*** Opening of PROVIDED INFORMATION ***

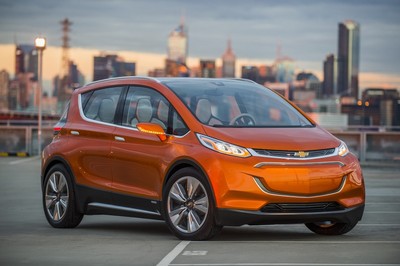 chevy bolt (select to view enlarged photo)
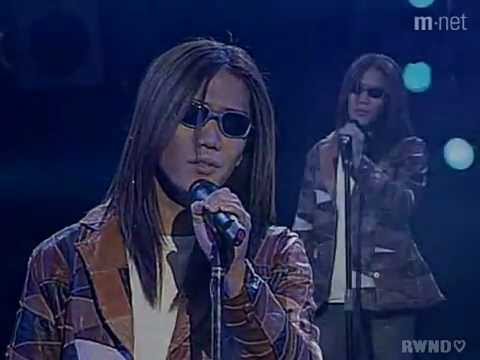 박완규 021100 Mcountdown After You Ve Gone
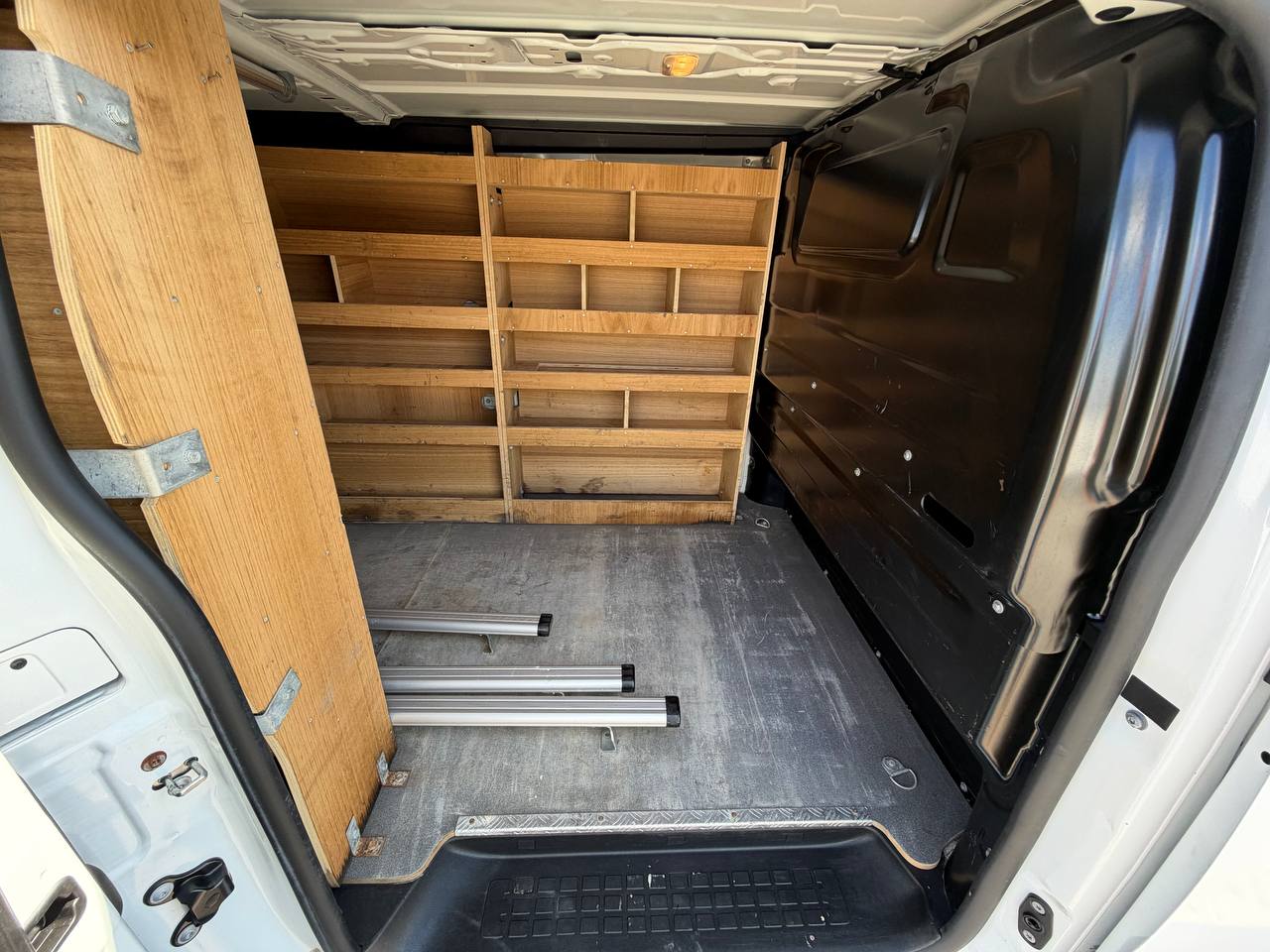 Citroen Jumpy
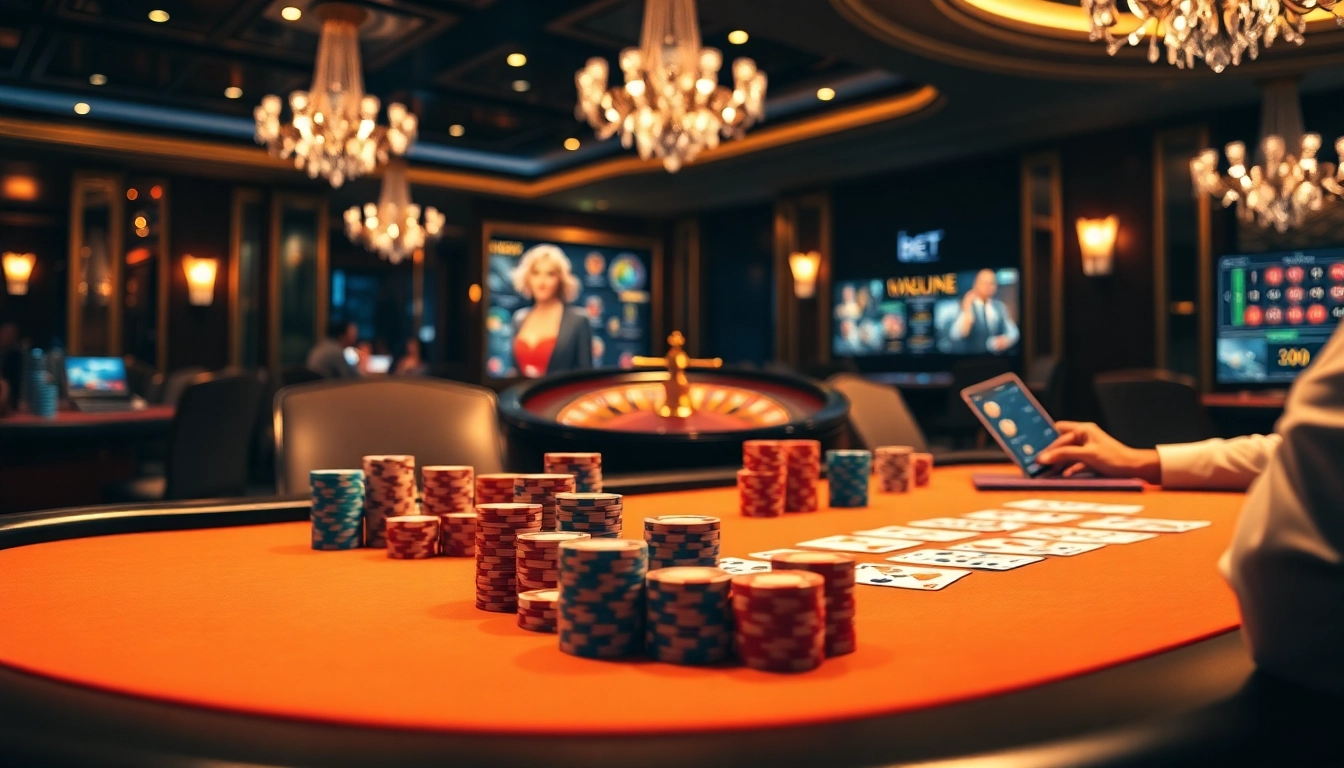 Evaluating casino platforms like đánh giá nhà cái SHBET with engaging poker gameplay.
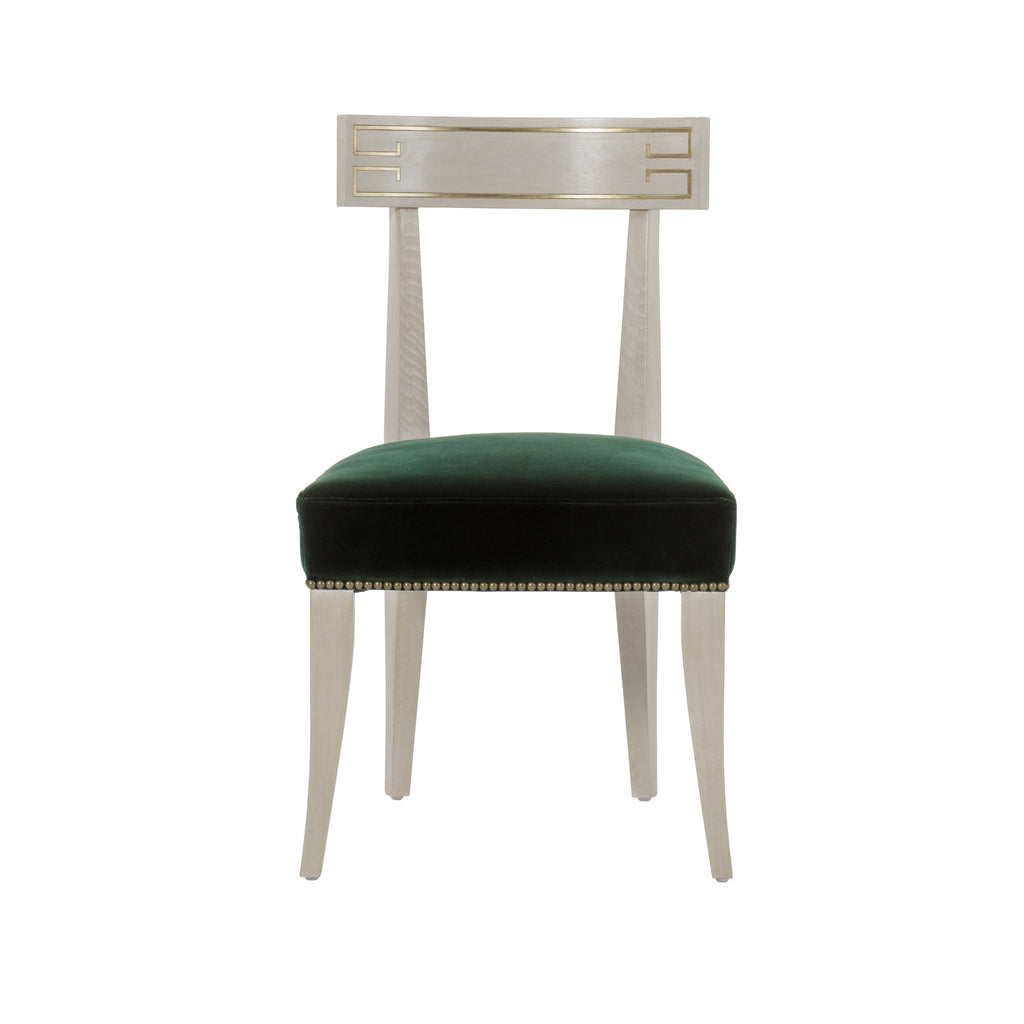 Zelia Chair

*** Close of PROVIDED INFORMATION ***

All the lines above are to be reproduced exactly, except the pictures.

WRITTEN REPLY
 chevy bolt (select to view enlarged photo)
 박완규 021100 Mcountdown After You Ve Gone
 Citroen Jumpy
 Evaluating casino platforms like đánh giá nhà cái SHBET with engaging poker gameplay.
 Zelia Chair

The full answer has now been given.